Figure S1 exemplifies a typical setting with 30× average coverage with m = 1,000 CpG sites (chromosome 6, 22,333,542-22,469,062 in GRCh38) and sample purities of α1 = 0.25 and α2 = 0.75 and an error rate of 0.05. As expected, Fisher’s exact test performs poorly — not much better than a random guess — due to the different sample purities, while the mixture-adjusted variant can reach an accuracy of about 90%. MOABS performs comparably to the Fisher’s exact test, and InfiniumPurify and DSS comparably to the mixture-adjusted Fisher’s exact test, which is expected as the latter set of methods properly model the tumor composition while MOABS does not.

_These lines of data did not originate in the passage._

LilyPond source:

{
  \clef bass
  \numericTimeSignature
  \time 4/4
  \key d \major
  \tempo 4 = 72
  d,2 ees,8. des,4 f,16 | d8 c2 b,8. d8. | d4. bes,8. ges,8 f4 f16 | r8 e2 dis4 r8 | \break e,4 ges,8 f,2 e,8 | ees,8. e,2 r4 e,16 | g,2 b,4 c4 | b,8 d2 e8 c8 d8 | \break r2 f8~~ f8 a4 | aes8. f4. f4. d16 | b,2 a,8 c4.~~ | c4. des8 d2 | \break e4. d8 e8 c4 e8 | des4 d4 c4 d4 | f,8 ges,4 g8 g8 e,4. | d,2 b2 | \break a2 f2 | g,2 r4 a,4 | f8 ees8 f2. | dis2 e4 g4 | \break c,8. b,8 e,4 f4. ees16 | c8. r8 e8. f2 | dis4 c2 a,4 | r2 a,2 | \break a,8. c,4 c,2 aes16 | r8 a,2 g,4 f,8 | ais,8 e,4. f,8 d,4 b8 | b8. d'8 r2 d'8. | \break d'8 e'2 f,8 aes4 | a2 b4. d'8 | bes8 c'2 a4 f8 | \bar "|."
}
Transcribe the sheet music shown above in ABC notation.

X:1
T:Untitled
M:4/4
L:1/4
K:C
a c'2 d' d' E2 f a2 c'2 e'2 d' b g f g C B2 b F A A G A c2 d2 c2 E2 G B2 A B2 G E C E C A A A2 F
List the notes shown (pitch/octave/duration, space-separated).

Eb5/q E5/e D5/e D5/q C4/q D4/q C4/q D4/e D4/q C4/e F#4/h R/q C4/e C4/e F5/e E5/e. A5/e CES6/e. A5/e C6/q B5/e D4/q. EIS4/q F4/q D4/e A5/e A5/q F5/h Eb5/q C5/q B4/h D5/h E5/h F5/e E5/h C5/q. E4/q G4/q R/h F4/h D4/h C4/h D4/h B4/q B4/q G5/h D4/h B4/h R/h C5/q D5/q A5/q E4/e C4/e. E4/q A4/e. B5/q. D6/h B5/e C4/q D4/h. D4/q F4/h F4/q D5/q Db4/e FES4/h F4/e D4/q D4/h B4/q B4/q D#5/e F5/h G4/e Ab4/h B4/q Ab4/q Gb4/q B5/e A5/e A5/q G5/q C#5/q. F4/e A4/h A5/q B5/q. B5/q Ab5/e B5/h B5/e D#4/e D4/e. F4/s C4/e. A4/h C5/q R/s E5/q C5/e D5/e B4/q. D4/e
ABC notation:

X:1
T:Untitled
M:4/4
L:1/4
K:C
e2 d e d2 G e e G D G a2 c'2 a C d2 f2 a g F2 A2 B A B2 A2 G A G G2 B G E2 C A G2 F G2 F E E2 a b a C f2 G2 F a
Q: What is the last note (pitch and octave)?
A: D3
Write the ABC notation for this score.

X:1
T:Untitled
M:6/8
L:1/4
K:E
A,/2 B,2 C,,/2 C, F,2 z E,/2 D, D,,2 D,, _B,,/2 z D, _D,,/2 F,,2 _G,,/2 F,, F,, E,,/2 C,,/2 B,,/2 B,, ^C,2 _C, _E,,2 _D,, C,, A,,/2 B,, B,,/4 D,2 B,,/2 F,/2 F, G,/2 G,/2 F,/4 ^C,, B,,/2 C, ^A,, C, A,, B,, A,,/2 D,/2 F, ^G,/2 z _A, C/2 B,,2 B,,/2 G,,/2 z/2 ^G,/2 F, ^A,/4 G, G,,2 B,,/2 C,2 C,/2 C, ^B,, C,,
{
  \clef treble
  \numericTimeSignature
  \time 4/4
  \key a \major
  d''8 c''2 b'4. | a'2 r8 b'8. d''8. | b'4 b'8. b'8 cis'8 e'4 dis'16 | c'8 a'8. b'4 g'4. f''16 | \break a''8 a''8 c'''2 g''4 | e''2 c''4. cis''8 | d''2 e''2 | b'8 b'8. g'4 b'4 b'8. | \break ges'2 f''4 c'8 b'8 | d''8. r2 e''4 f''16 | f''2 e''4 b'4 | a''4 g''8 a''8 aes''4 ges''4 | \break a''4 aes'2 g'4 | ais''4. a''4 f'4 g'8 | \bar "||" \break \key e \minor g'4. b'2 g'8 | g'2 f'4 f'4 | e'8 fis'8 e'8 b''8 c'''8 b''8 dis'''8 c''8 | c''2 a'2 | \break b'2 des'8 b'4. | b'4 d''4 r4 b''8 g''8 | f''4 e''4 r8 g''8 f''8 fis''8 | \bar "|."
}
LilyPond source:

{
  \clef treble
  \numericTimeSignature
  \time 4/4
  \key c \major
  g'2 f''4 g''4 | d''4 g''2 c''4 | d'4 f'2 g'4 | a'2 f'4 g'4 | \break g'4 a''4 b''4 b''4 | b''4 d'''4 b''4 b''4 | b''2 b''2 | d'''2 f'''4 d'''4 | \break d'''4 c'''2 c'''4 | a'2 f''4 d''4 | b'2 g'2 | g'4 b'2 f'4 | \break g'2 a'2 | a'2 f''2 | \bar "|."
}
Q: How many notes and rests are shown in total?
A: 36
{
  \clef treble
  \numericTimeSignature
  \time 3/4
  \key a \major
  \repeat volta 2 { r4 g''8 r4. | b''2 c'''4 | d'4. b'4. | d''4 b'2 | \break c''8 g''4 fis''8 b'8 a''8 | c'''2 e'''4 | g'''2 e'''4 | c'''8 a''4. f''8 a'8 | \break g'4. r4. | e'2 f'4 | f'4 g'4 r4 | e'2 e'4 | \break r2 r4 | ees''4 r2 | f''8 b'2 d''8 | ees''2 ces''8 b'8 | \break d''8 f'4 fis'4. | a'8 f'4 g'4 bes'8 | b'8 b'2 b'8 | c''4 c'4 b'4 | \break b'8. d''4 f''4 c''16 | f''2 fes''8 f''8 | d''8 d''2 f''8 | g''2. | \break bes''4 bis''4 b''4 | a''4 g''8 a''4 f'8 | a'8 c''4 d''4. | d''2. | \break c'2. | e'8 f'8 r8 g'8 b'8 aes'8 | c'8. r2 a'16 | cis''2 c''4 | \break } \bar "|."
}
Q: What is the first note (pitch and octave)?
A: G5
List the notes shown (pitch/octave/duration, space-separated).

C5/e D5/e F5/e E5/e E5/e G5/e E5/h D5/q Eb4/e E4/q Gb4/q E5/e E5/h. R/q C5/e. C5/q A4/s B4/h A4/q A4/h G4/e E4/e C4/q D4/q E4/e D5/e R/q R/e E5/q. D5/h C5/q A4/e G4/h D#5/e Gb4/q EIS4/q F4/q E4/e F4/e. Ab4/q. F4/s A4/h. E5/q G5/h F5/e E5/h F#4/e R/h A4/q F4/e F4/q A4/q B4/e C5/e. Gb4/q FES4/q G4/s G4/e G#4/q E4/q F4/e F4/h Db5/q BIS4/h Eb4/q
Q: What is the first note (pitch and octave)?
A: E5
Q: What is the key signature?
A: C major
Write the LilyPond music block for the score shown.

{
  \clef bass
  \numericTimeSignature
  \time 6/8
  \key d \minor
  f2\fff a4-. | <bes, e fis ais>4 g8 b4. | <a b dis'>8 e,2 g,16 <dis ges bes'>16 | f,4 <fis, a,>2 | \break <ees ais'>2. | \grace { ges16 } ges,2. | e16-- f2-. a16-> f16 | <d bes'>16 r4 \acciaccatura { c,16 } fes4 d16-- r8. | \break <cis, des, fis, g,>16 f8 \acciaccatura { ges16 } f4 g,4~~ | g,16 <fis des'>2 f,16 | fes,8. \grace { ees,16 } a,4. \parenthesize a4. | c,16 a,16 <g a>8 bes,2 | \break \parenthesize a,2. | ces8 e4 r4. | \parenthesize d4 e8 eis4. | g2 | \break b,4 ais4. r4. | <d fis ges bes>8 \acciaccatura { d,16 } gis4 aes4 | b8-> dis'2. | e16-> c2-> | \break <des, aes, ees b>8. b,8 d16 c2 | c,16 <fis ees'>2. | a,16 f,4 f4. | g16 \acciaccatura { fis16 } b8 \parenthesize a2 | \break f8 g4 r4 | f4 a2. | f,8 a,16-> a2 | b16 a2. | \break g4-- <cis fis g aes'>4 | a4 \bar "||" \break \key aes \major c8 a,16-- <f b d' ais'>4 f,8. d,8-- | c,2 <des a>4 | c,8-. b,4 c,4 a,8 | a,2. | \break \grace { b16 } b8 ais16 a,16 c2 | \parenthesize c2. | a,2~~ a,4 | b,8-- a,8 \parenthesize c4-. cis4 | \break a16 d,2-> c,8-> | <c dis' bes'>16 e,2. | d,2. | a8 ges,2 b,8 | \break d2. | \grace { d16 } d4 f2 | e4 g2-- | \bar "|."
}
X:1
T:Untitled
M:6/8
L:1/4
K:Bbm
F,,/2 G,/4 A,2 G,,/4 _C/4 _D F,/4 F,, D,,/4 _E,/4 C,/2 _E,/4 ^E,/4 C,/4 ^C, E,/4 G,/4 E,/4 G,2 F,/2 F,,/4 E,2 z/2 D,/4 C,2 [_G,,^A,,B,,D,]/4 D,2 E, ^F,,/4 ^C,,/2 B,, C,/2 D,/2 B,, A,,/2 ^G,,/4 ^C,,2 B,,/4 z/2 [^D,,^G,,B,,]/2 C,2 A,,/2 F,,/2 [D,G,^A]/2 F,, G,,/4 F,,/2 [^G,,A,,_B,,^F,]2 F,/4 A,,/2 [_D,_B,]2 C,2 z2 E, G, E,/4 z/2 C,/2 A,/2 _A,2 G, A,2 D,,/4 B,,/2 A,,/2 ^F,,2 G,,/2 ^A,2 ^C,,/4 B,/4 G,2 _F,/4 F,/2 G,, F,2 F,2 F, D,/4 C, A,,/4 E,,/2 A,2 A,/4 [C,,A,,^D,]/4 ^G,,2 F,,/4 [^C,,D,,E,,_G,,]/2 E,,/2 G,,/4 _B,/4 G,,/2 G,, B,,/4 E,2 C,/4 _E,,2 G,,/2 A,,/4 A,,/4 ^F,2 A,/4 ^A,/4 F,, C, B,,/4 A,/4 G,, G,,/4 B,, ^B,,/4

Meanwhile, our method provides higher accuracy than the alternatives over a wide range of thresholds, and generally ranks higher in either (or both) specificity or sensitivity. Using a matched control and higher order co-methylation modeling results in further improvements in the performance, which are unavailable to the alternatives.
For a more thorough analysis, we simulated data with varying sample purities in each sample. The results were obtained with 30× average coverage, and the average false call rates of 500 simulations with m = 1,000 CpG sites each as a function of the sample purities are visualized in Figure 2. The lower triangle of each heatmap shows the fraction of false negatives, and the upper triangle the total fraction of false calls (false negatives plus false positives; the fraction of false positives ought to be small as they are being controlled for). All methods perform poorly (equal to random) at purities a1 = 0 or a2 = 0. This is expected, as the samples do not contain any information about the methylation patterns of the cancer cells in one (or both) of the samples. Compared to the alternatives, our methods develop these false calls at a later stage. Meanwhile, when the purities are dissimilar, Fisher’s exact test and MOABS generate a large amount of false positives, which is the major reason for their unsuitability for these data. Our method, when used without a control, is susceptible to generating false negatives when one of the samples is pure and the other is not (i.e. a1 ~ 1, a2 ~ 0.5 or a1 ~ 0.5, a2 ~ 1), which is due to the fact that it is not possible to identify which of the patterns in the impure sample are from normal and which are from cancer cells, as the pure sample lacks the normal cells. When a control is provided, there is no such ambiguity, which is also why this issue does not appear with the other methods. Results with higher coverage qualitatively similar, but the accurate range of purities (e.g. 95% accuracy) is increased for each method.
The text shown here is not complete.